Does Alpine have known DNS issue within Kubernetes?
Asked Answered
L

4

36

Lately, we've faced some DNS issues with micro-services based on Alpine image (node:12.18.1-alpine) on EKS when trying to resolve "big" DNS queries (When the answer is larger than 512M).

So I've tried running this script for testing the DNS resolution:

var dns = require('dns');
var w3 = dns.lookup('hugedns.test.dziemba.net', function (err, addresses, family) {
  console.log(addresses);
});

with 2 different scenarios for each image

  1. node:12.18.1-alpine
  • Running the image on my laptop - Resolved successfully
  • Running the image on EKS 1.16 - Failed to resolve
  1. node:12.18.1-slim
  • Running the image on my laptop - Resolved successfully
  • Running the image on EKS 1.16 - Resolved successfully

From what I saw, Alpine is using musl (which doesn't support DNS to use TCP?) libraries instead of glibc, since the DNS protocol is using UDP and tries falling back to TCP only when the query is larger than 512M. So my theory was that this is the root cause, but since it is working on my end and failing on EKS made me wonder where can the issue relay...

Any thoughts?

EKS v1.16 coredns:v1.6.6

BTW, this is my first post, let me know if any information is needed

Linwoodlinz answered 7/12, 2020 at 11:35 Comment(1)
What's an example of: "big" DNS queries (When the answer is larger than 512M) ??Mannerheim
W
61

Yes, the Alpine images are known to be problematic in Kubernetes cluster concerning DNS queries.

Even if it is not clear if the bug has been effectively fixed in any current version of Alpine, here are some related links:

I encountered this problem on my side in my Kubernetes clusters as of January 2021 with up-to-date Alpine 3.12 images, so I would assume it is not fixed.

The core problem seems to be that the musl library stop searching among possible domains specified in the search directive of /etc/resolv.conf for a given name if any response is unexpected (basically not something clearly indicating that the FQDN could not be found, or has been found).

This does not play well with the Kubernetes strategy about name resolution in pods.

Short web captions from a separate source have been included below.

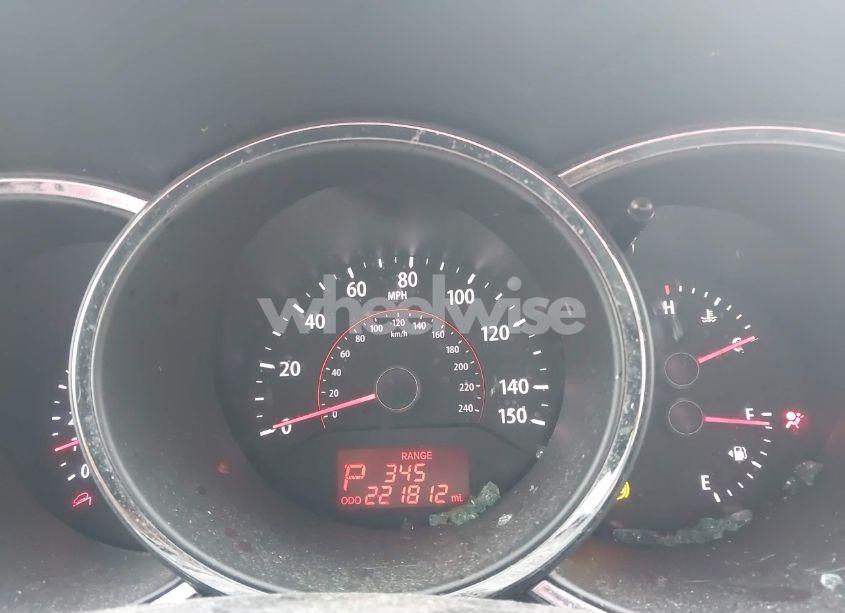 Photo 7 of 2012 Kia Sorento LX (VIN 5XYKT3A18CG194431)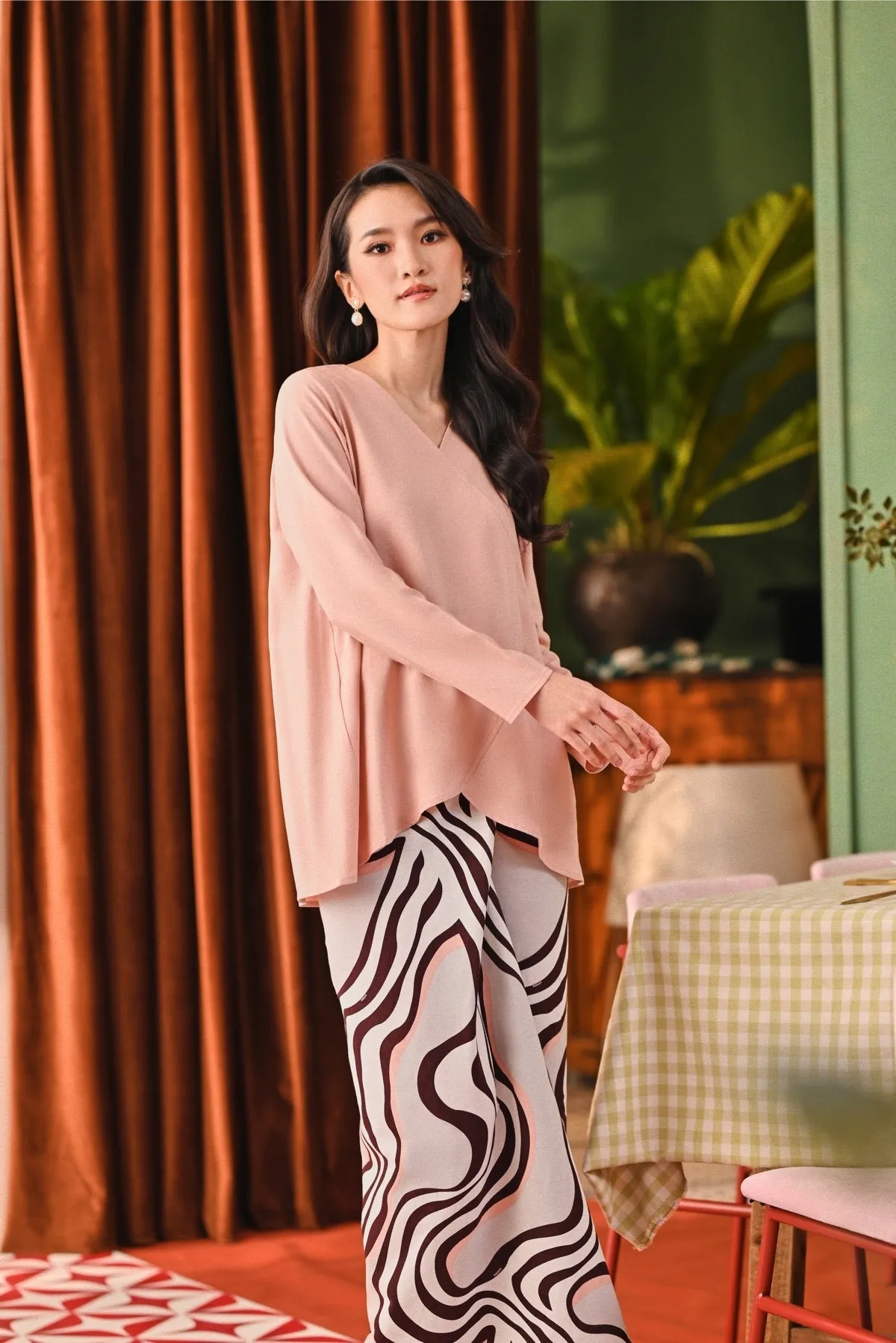 The Capai Women Caya Blouse - Rose Pink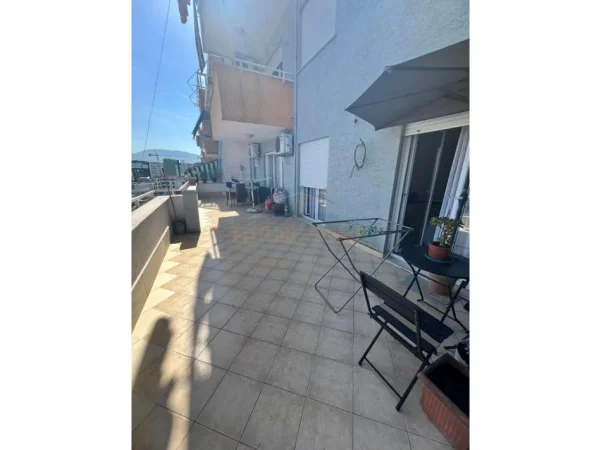 Tirane, shitet apartament 3+1+Ballkon , 122 m² 199.999 € (unaza e re)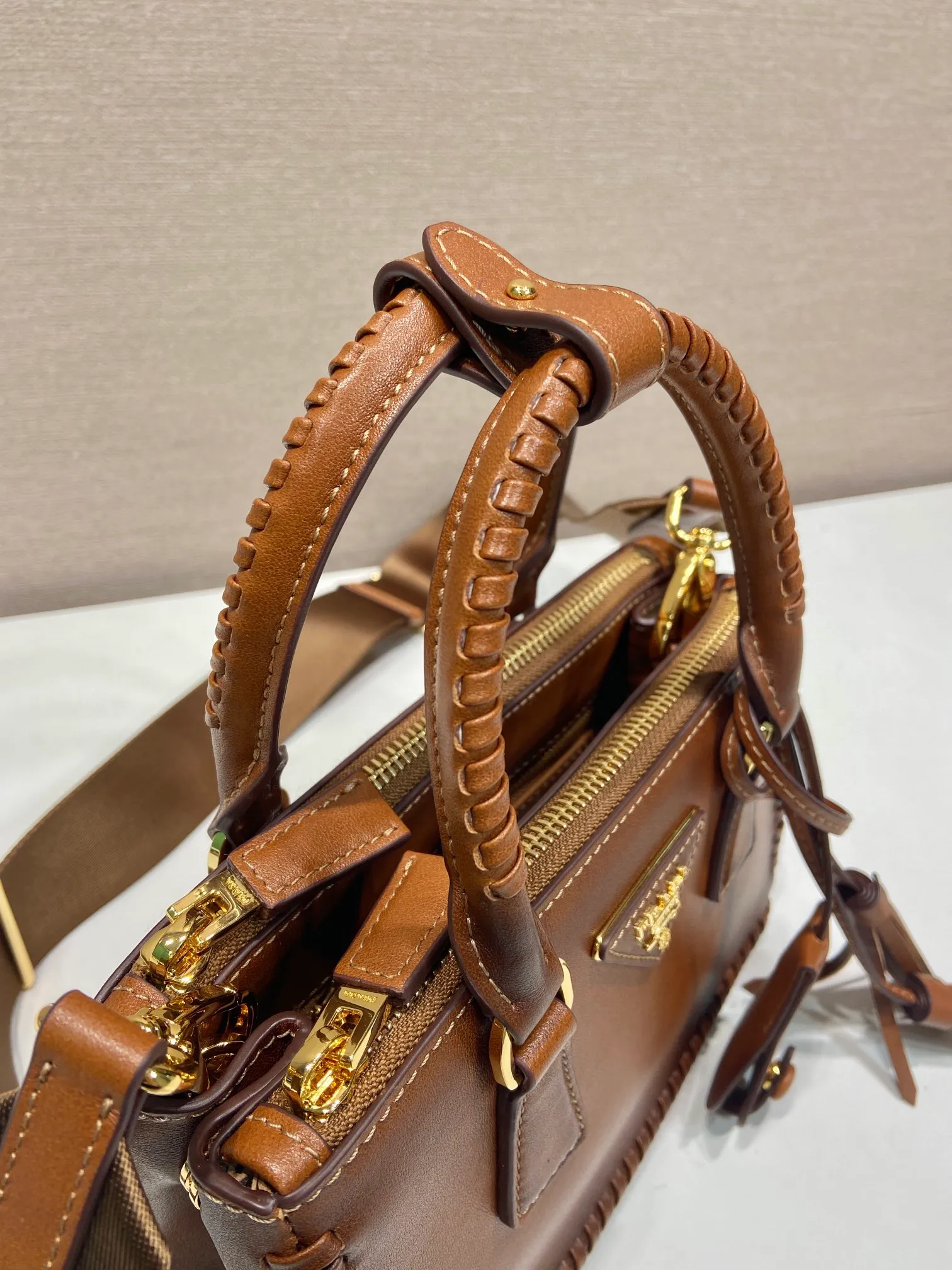 💰1900🎉Woven mini killer🎉1BA916 double shoulder strap🎉🎉 This Galleria handbag is made of iconic imported calfskin, equipped with 2 detachable shoulder straps, hand-woven thread, top brushed hardware👍👍 It is a chic interpretation of classic and timeless elegance. For beauties in the current era of fashionable small bags. It’s worth owning, it can easily be used for girls’ daily travels📱💄🚗🔑, it has large capacity, is beautiful and practical🙊🙊A bag that will never go out of style anytime you use it😘😘Hurry up and get it👏👏Another popular style that will never go out of style🎉🎉 Length 21x Height 12.5x Bottom 8.5cm
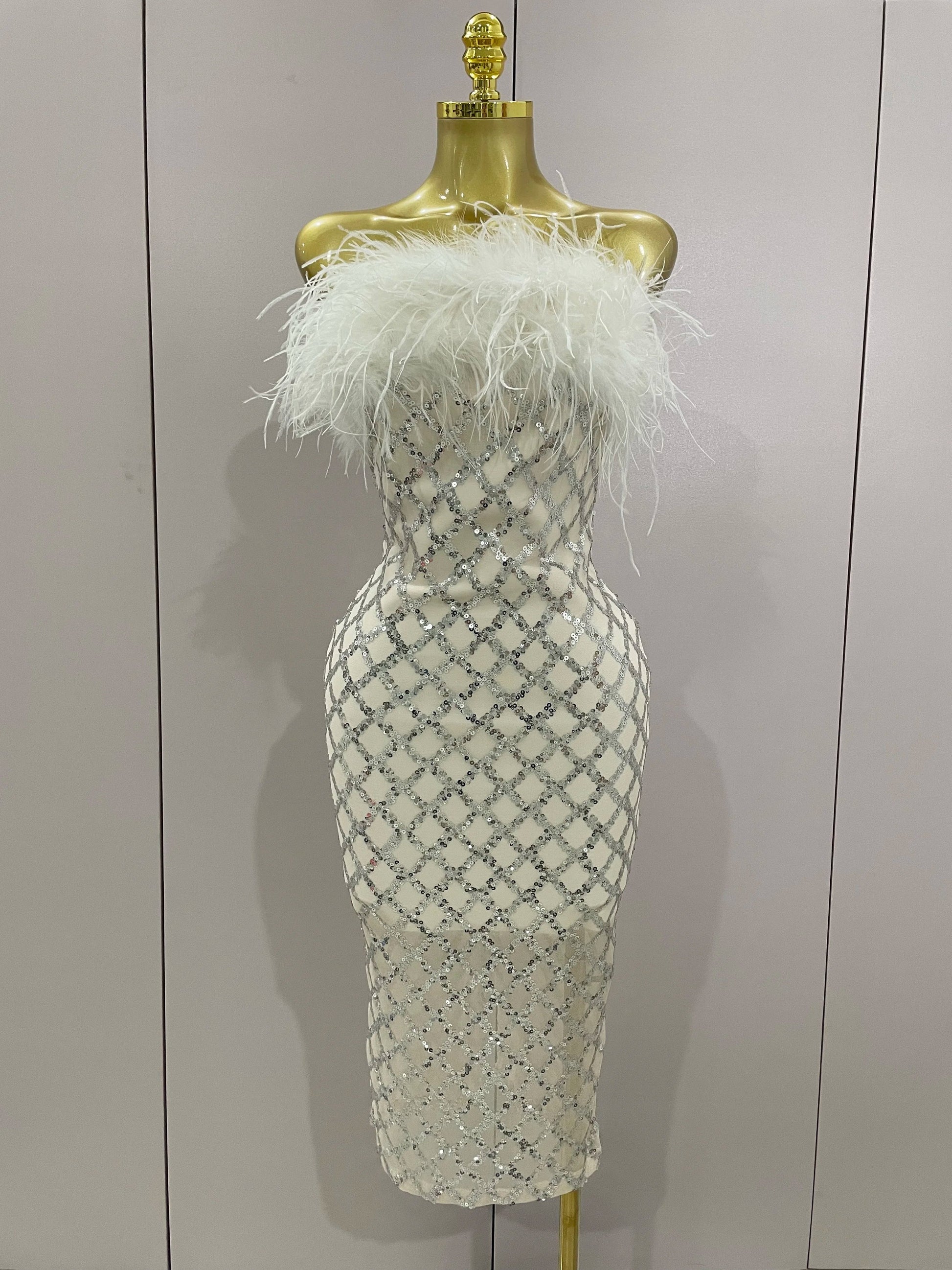 Shinning White Feathers Sequins Straples Bodycon Dress Women Fashion Celebrate Luxury Birthday Party Cocktail Dress WHITE
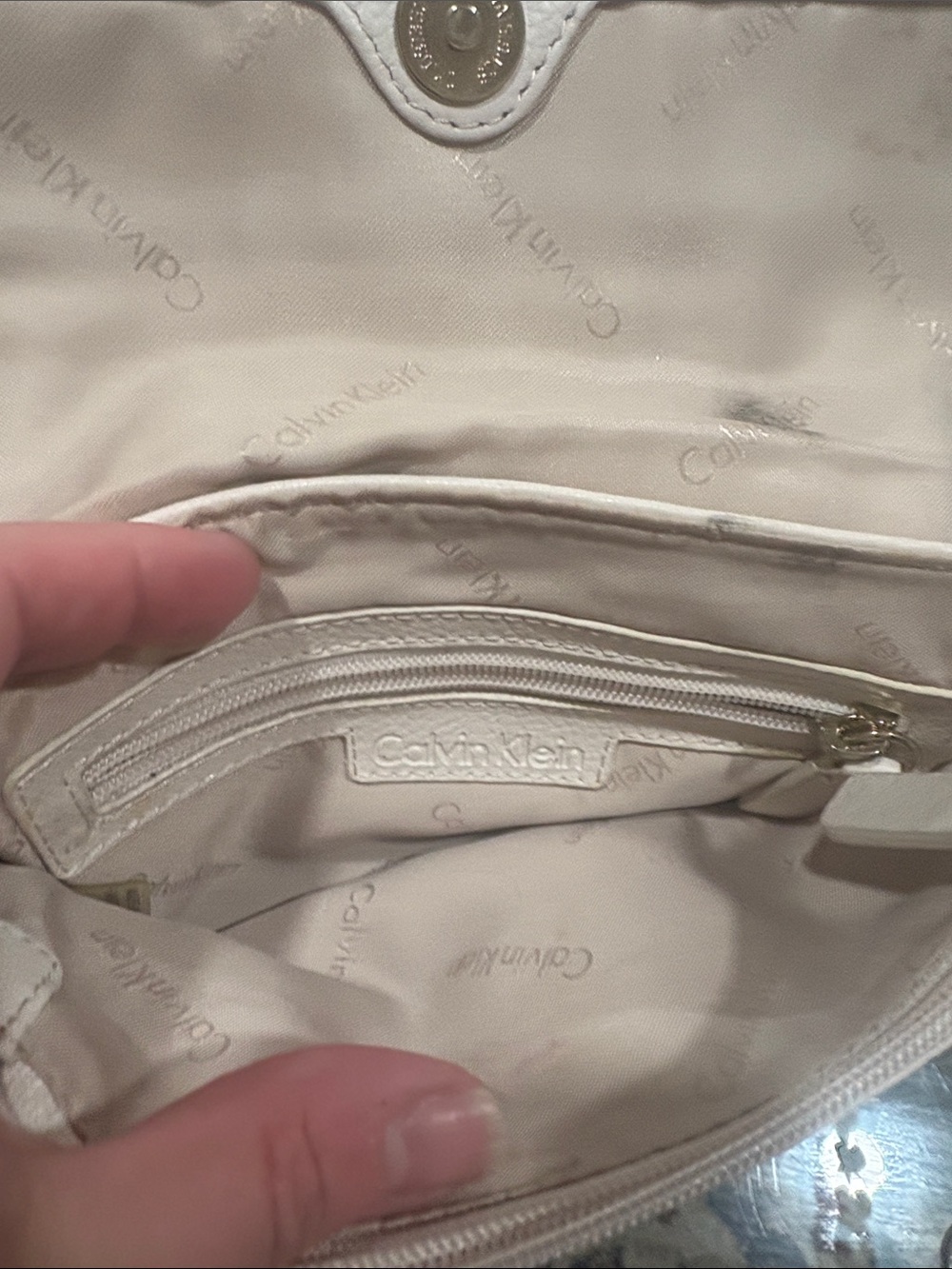 Calvin Klein Leather Crossbody bag - Picture 5 of 6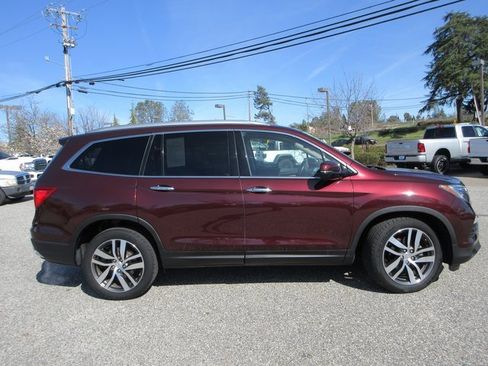 Used 2016 Honda Pilot Elite image 3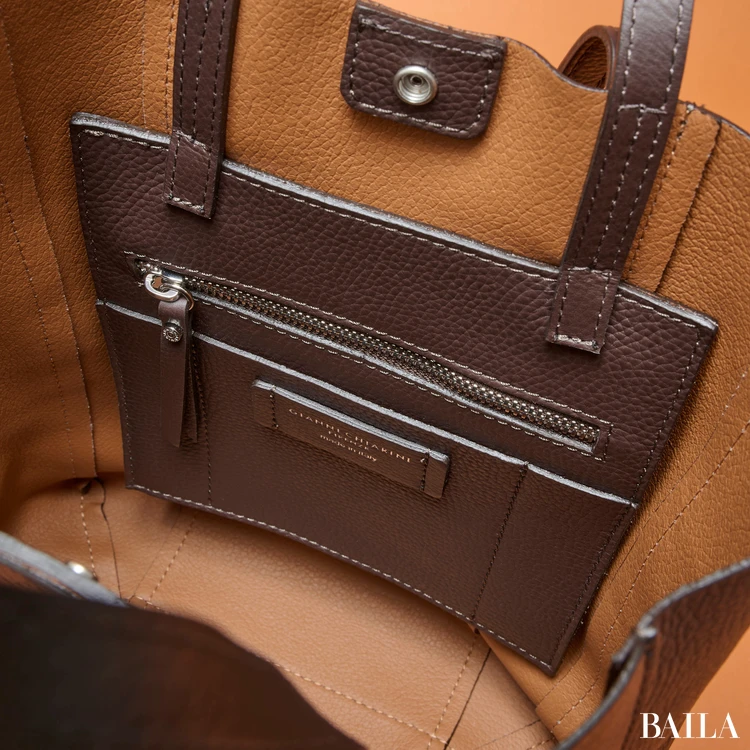 VASIC(ヴァジック) CAST MINI 内側のファスナー付きポケット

Indeed, one can see that the typical /etc/resolv.conf of a pod in the example namespace is the following:

nameserver 10.3.0.10
search example.svc.cluster.local svc.cluster.local cluster.local
options ndots:5

The strategy is that the resolution of a name, for instance my-service or www.google.com, will be tested against each of the domains specified in the search directive: here for the examples, it would be the FQDN chains my-service.example.svc.cluster.local,my-service.svc.cluster.local,my-service.cluster.local,my-service and www.google.com.example.svc.cluster.local,www.google.com.svc.cluster.local,www.google.com.cluster.local,www.google.com. Here obviously it would be the 1st FQDN of the first chain (my-service.example.svc.cluster.local) and the last FQDN of the second chain (www.google.com) that would be resolved correctly.

One can see that this strategy is made to optimize resolution of internal name of the cluster, in a way that allows names like my-service, my-service.my-namespace or my-service.my-namespace.svc to be nicely resolved out-of-the-box.

The ndots parameter in the options directive defines the minimum number of dots in a name to consider that a name is actually a FQDN and so the search chain should be skiped in favor of a direct DNS resolution attempt. With ndots:2, www.google.com will be considered as a FQDN while my-service.my-namespace will go through the search chain.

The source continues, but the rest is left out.